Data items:
────────────────────────────────────────

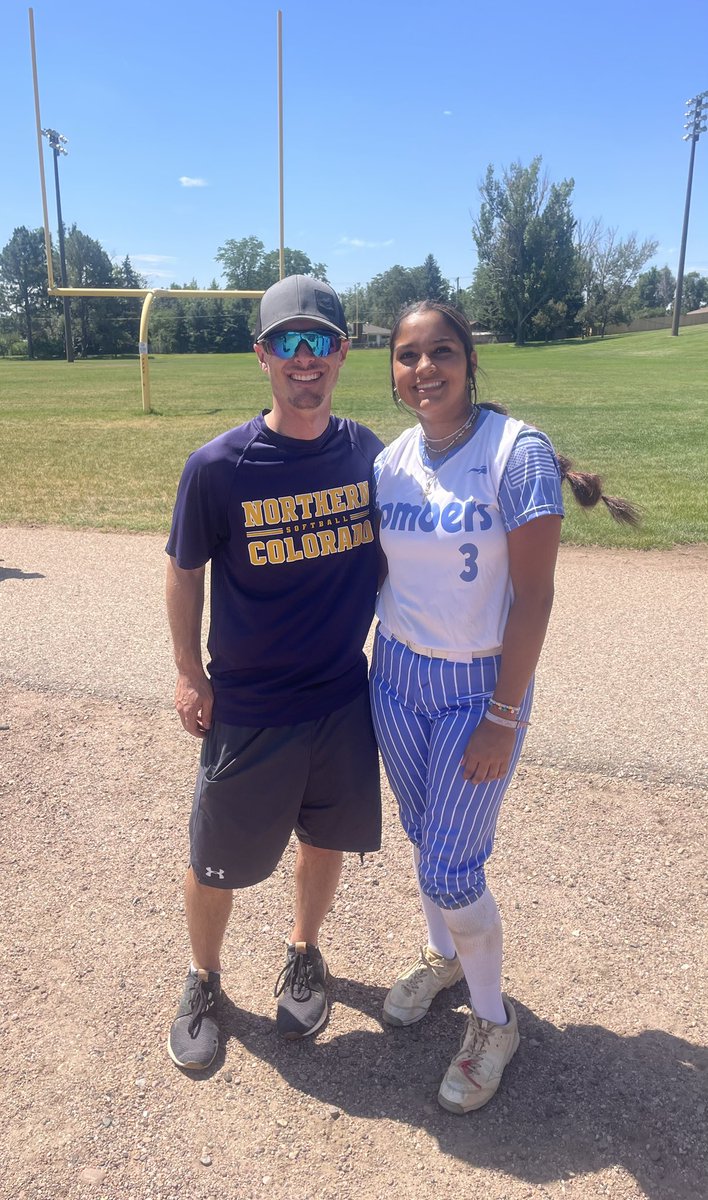 Dalilah Millan (@dmillan03) on Twitter photo I am grateful for the incredible experience <a href="/UNC_BearsSB/">UNC Bears Softball</a> , it was truly empowering. I am grateful for the incredible experience <a href="/UNC_BearsSB/">UNC Bears Softball</a> , it was truly empowering.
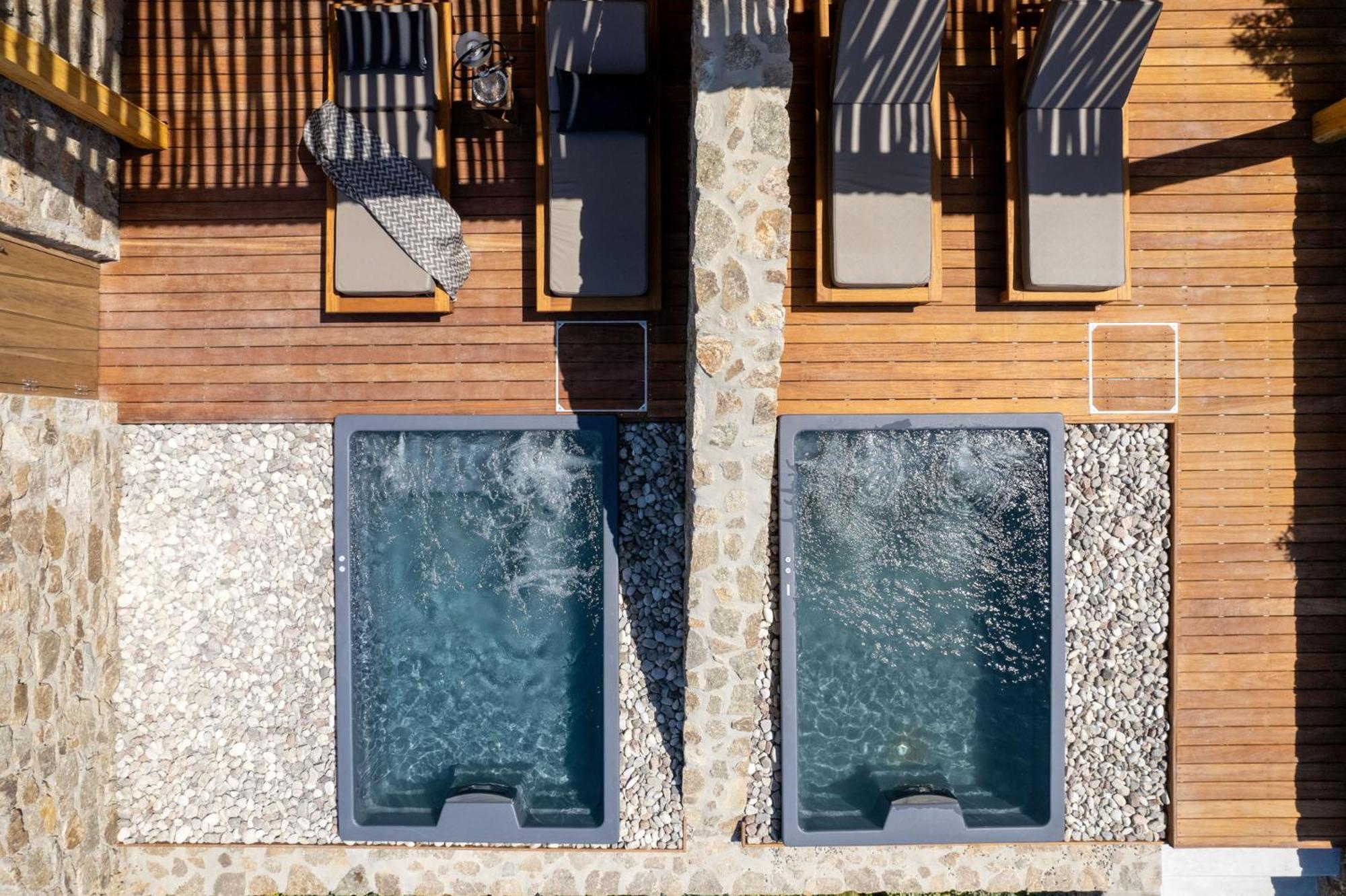 Mileo Hotel Kalo Livadi Eksteriør billede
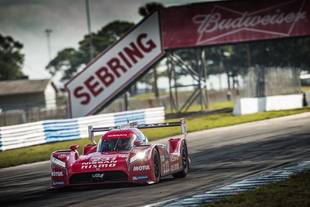 WEC : essais écourtés pour Nissan à Sebring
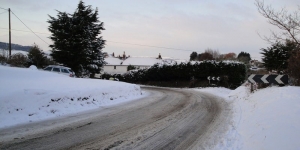 Pescara/Neve, nessun problema sulle strade provinciali. Numero emergenze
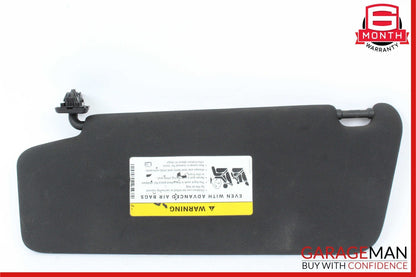 08-14 Mercedes W204 C300 C250 Sedan Front Right Sunvisor Sun Visor Shade Cover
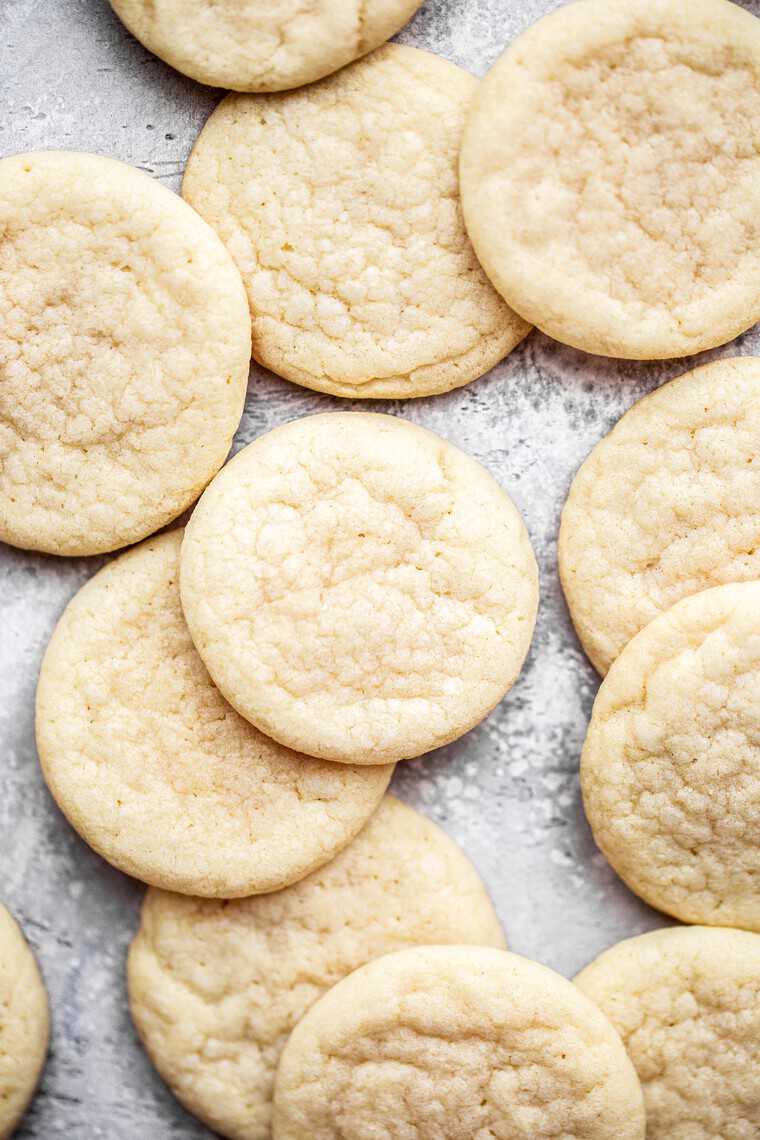 Grandma's Old Fashioned Tea Cakes Recipe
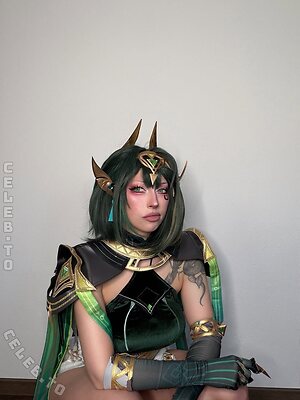 Coldscream_cosplay Nude Leaked Photo #9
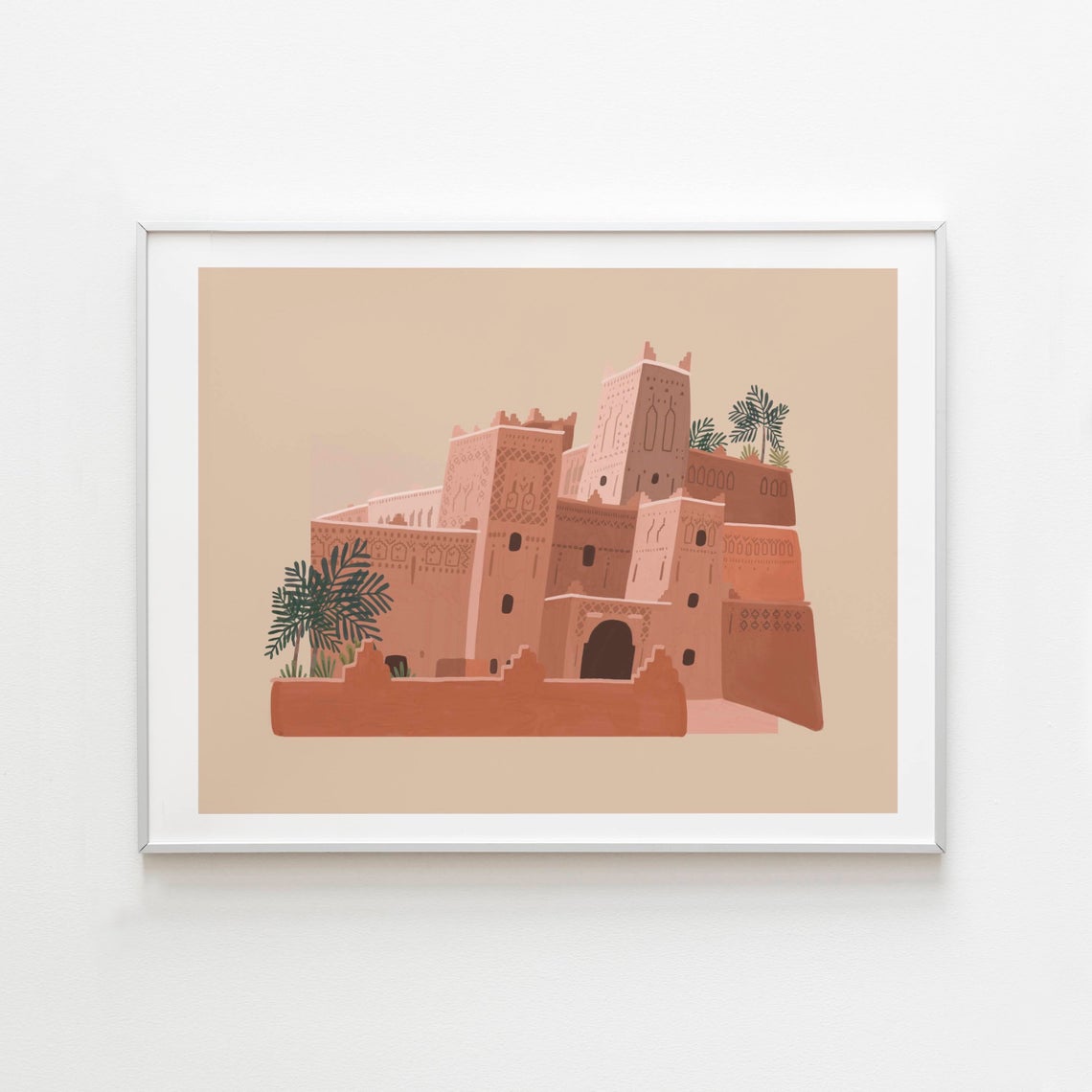 Marrakech Art Print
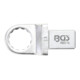 BGS Insteek-ringsleutel | 18 mm | opname 14 x 18 mm-1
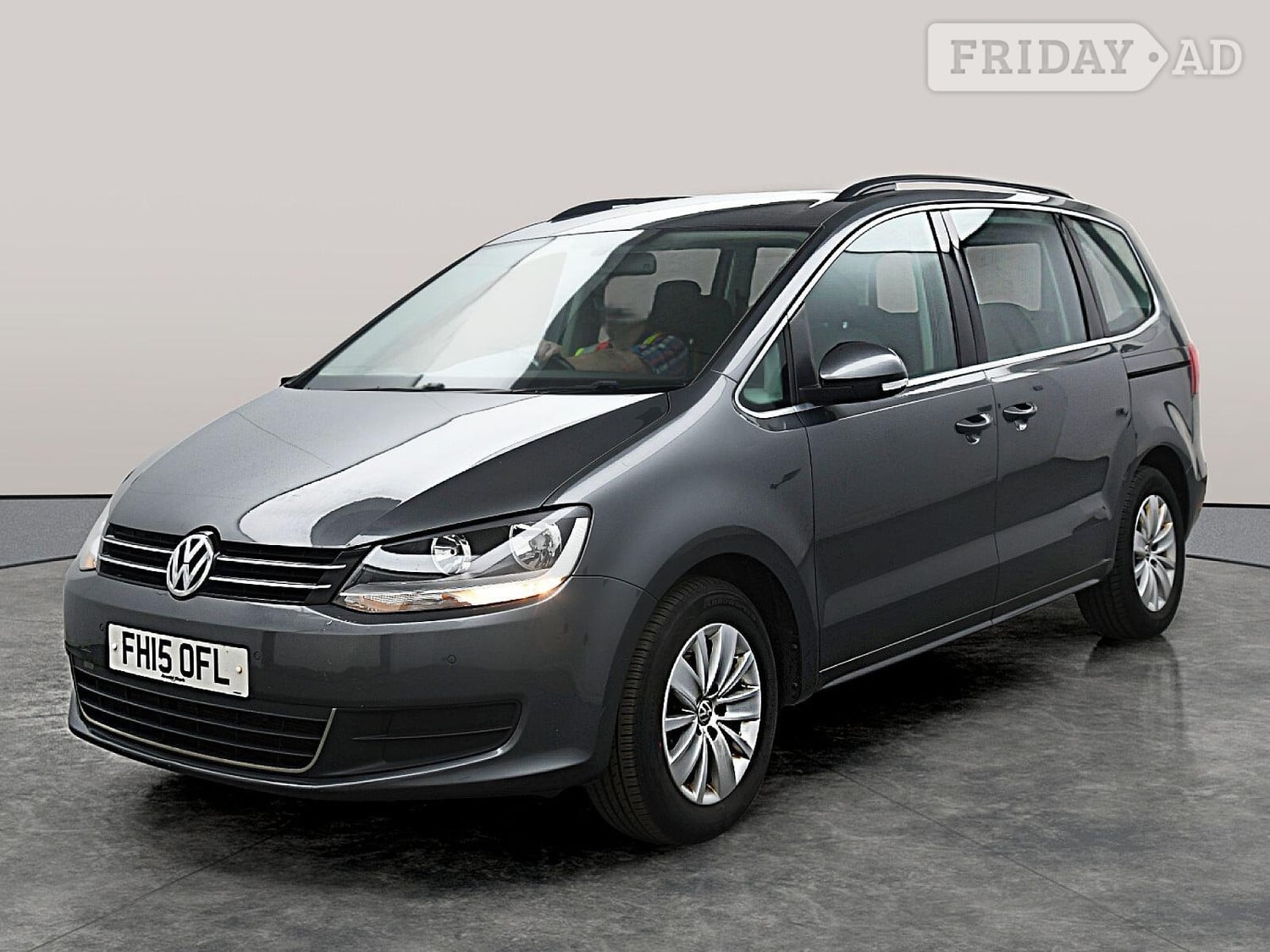 Volkswagen Sharan Blackburn
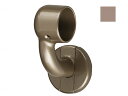 【直送品】シロクマBR-604L C形ブラケットL止アンバー35左BR-604L【別途送料発生は連絡します、割引キャンセル返品不可】(3)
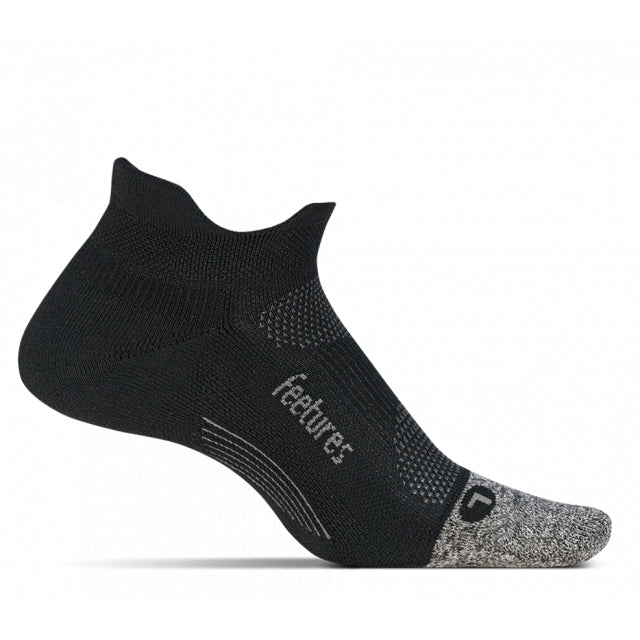 Feetures! Elite Light Cushion No Show Tab Socks 817 Midnight Woods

────────────────────────────────────────

- [What needs to be done]: Please output, exactly and with no pictures, only the lines from the one containing "BGS Insteek-ringsleutel |" through the final line of the records above.

- [Output for this exercise]:
 BGS Insteek-ringsleutel | 18 mm | opname 14 x 18 mm-1
 Volkswagen Sharan Blackburn
 【直送品】シロクマBR-604L C形ブラケットL止アンバー35左BR-604L【別途送料発生は連絡します、割引キャンセル返品不可】(3)
 Feetures! Elite Light Cushion No Show Tab Socks 817 Midnight Woods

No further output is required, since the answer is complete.